The most compatible environment is provided if the build host is of the same distribution than the target image. In other cases our recommendation is that the build host is of the same distribution than the target and near to the major version (+-1) compared to the target. Such an environment can be found in:
The Open Build Service OBS.
The KIWI NG boxed plugin: Section 6.1, “Building in a Self-Contained Environment”
In general, our goal is to support any major distribution with KIWI NG. However for building images we rely on core tools which are not under our control. Also several design aspects of distributions like secure boot and working with upstream projects are different and not influenced by us. There are many side effects that can be annoying especially if the build host is not of the same distribution vendor than the image target.
5.2 Architectures #
With regards to the information in Section 5.1, “Build Host Constraints” one requirement between the build host and the image when it comes to architecture support is, that the image architecture should match the build host architecture. Cross arch building would require any core tool that is used to build an image to be cross arch capable.
To patch e.g an x86_64 system such that it can build an aarch64 image would require some work on binutils and hacks as well as performance tweaks which is all not worth the effort and still can lead to broken results. Thus we recommend to provide native systems for the target architecture and build there. One possible alternative is to use the kiwi boxed plugin as mentioned above together with a box created for the desired architecture. However keep in mind the performance problematic when running a VM of a different architecture.

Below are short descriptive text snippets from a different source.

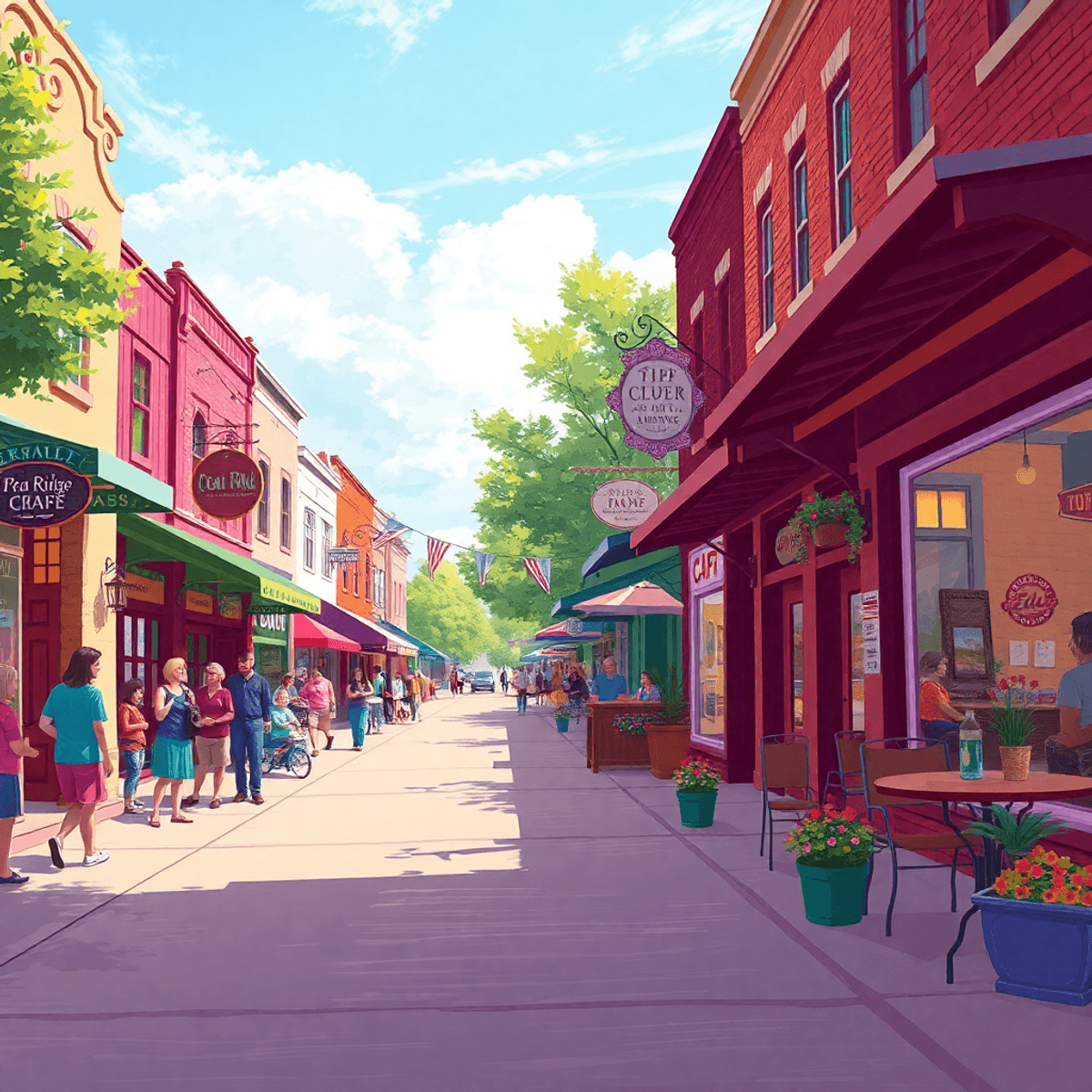 A lively small-town street in Pea Ridge, Arkansas, featuring colorful shops and cafes, with people mingling and enjoying outdoor activities, creati...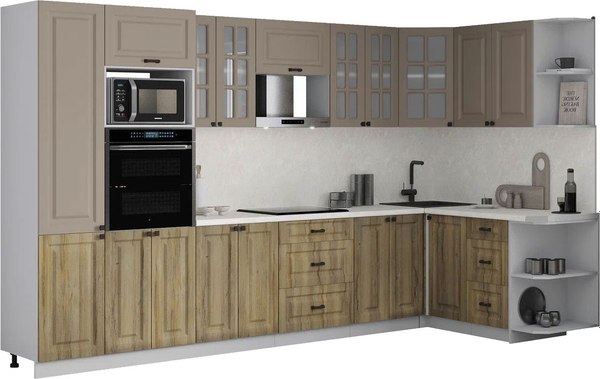 Кухонный гарнитур Интерлиния Мила Деко 1.68x3.4 PR - фото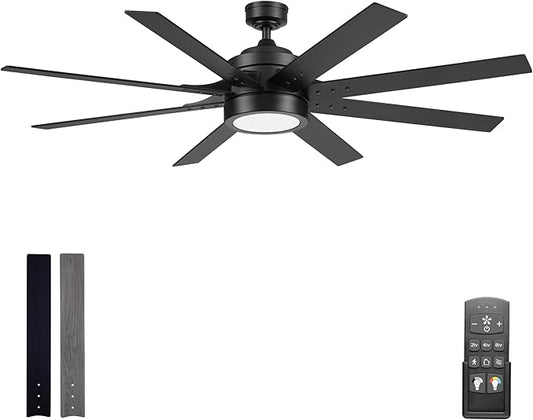 Honeywell Ceiling Fans Xerxes, 62 Inch Modern Indoor Ceiling Fan with Lights and Remote Control, Color Changing LED, 8 Dual Finish Blades, Reversible Motor - 51904-01 (Black)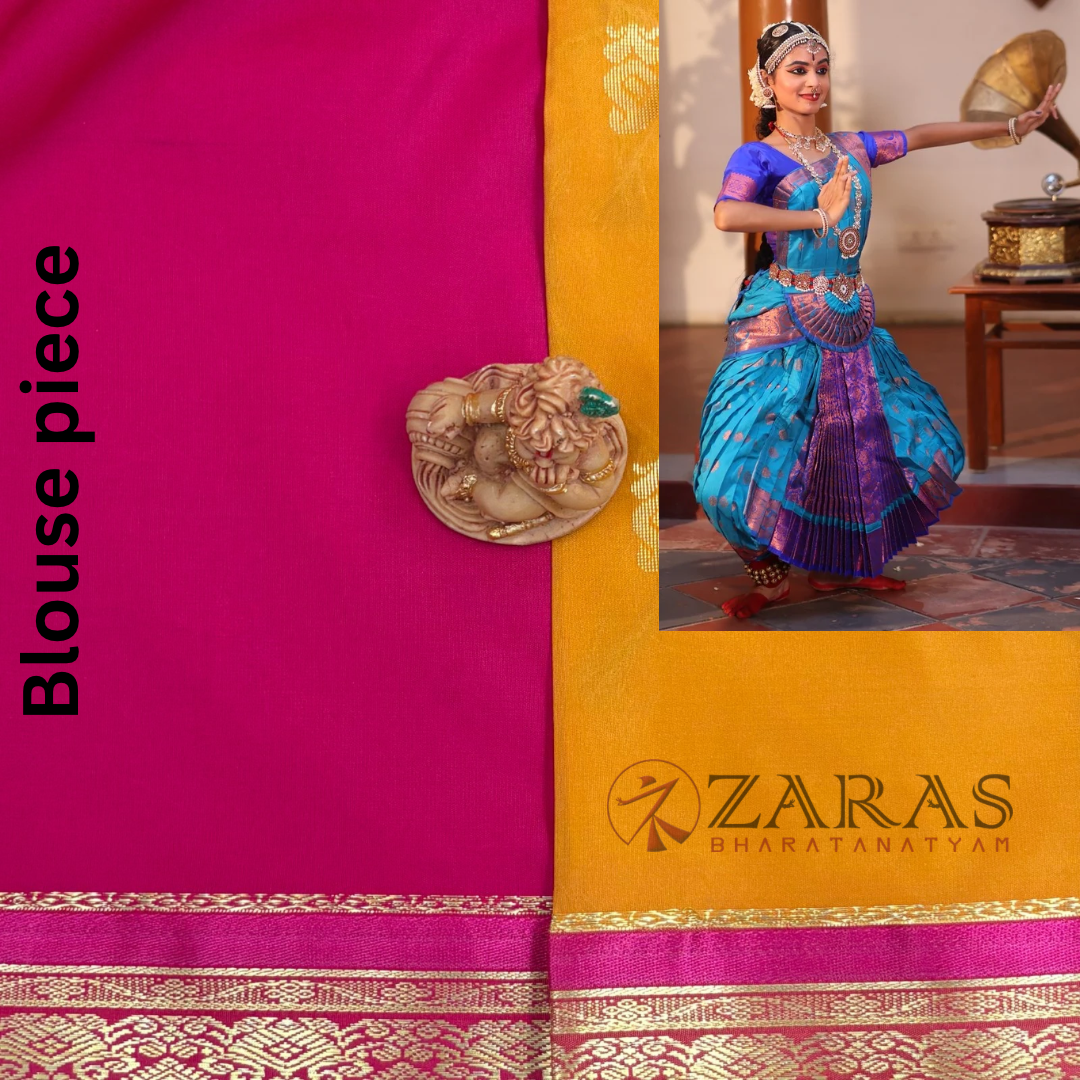 Art Silk Saree + Costume Stitching Readymade (M Yellow with Pink)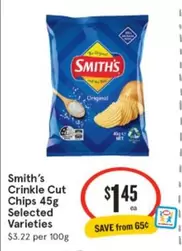 Smith's - Crinkle Cut Chips 45g Selected Varieties offers at $1.45 in IGA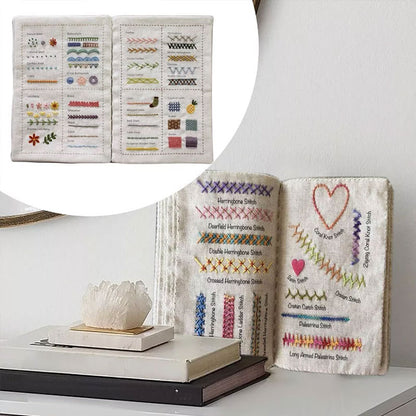 DIY Imitation Linen Sewing Book with Embroidery. Personalize, Improve Skills. Portable
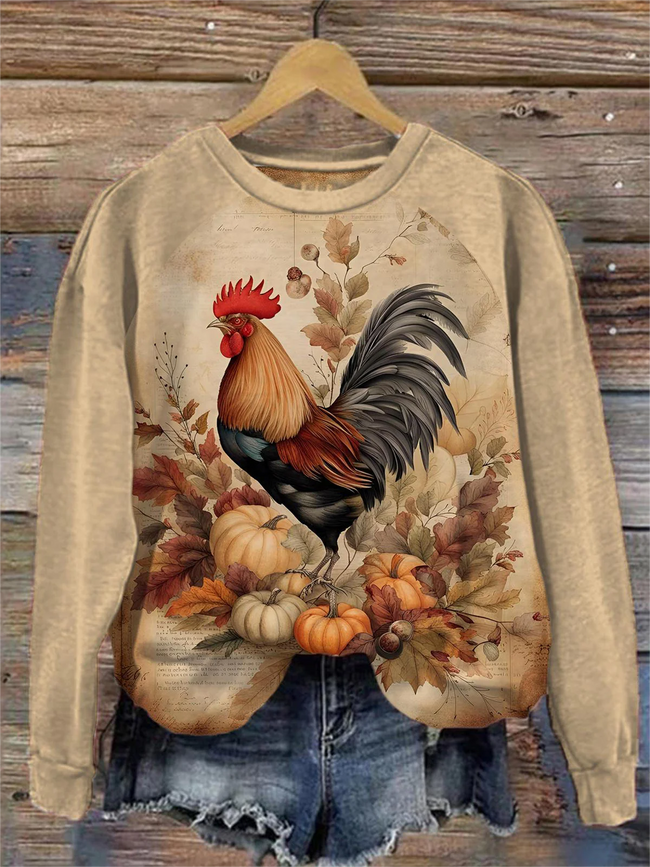 Thanksgiving Chicken Print Sweatshirt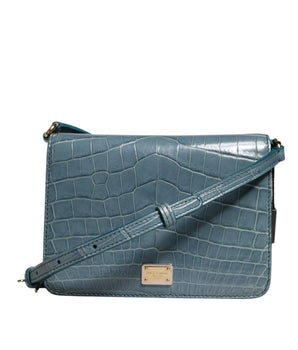 Minibolso bandolera Dolce &amp; Gabbana de piel exótica verde con placa DG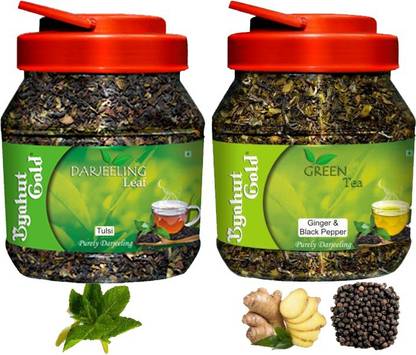 Byahut Gold Tulsi Darjeeling Leaf and Ginger Black Pepper Green Tea Ginger, Black Pepper, Tulsi Green Tea Mason Jar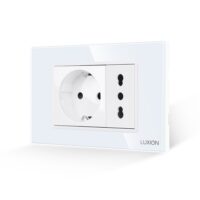 Presa doppia con cornice in vetro LUXION, Standard Italiano, 3 moduli (3M)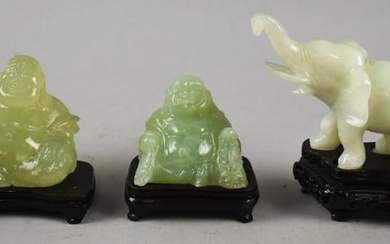 Vintage Mini Chinese Jade Laughing Buddha and Elephant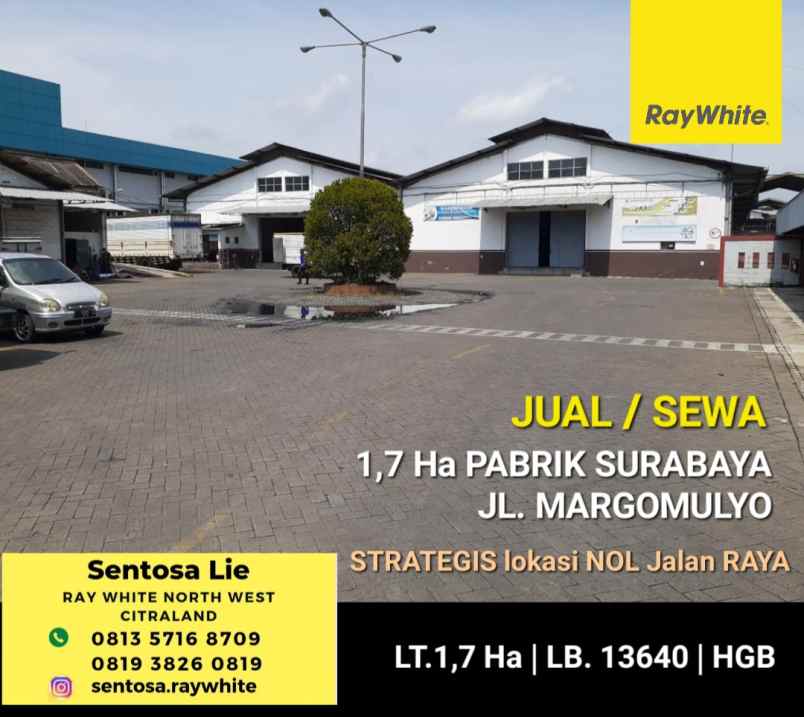 Dijual 17 Ha Pabrik Raya Margomulyo Surabaya Strategis Lokasi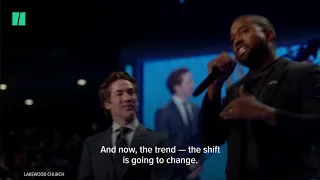 Kanye West speaks at Joel Osteen megachurch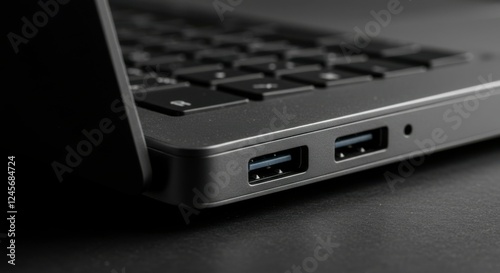 Wallpaper Mural Close-up of a modern laptop's USB ports on a sleek surface, highlighting technology design Torontodigital.ca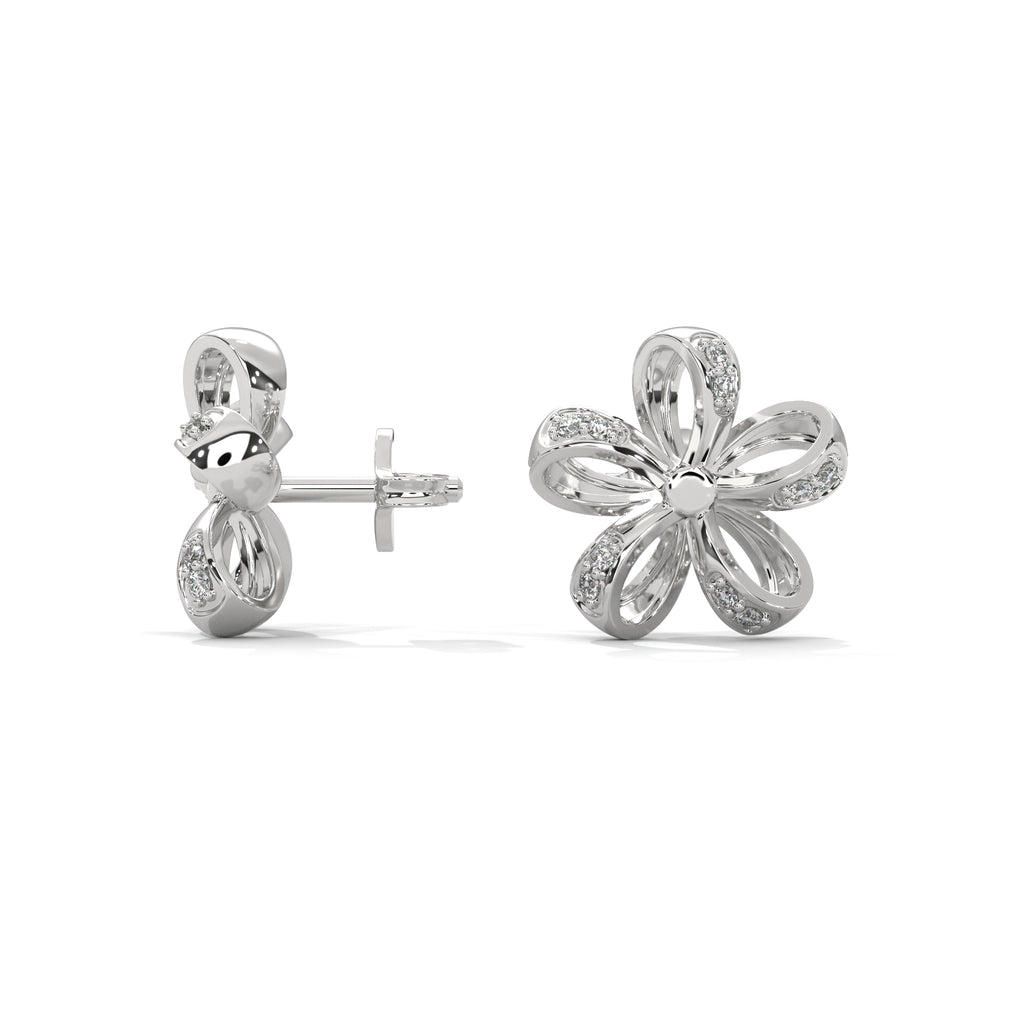 Open Floral Diamond Stud Earrings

The majority of the image builds are based on the x86 architecture. As mentioned KIWI NG also supports other architectures, shown in the table below:
Architecture |
Supported |
---|---|
x86_64 |
yes |
ix86 |
yes note:distro |
s390/s390x |
yes note:distro |
arm/aarch64 |
yes note:distro |
ppc64 |
yes note:distro |
5.3 Host Security Settings Conflicts with KIWI #
Abstract
This page provides further information how to solve
image build problems caused by selinux
security
policies.
Linux systems are protected against write/read or other
operations depending on the application which wants to
access or modify data. The rules for this protection are
provided in security policies. There are several applications
enforcing these security settings, e.g apparmor
or selinux
.
In this troubleshooting chapter the focus is set on selinux
Protecting files, process groups, kernel filesystems, device nodes and more from unauthorized access and restrict it to a certain set of applications is a nice concept. However, if taken serious no other application except the ones configured in the security policy will function properly.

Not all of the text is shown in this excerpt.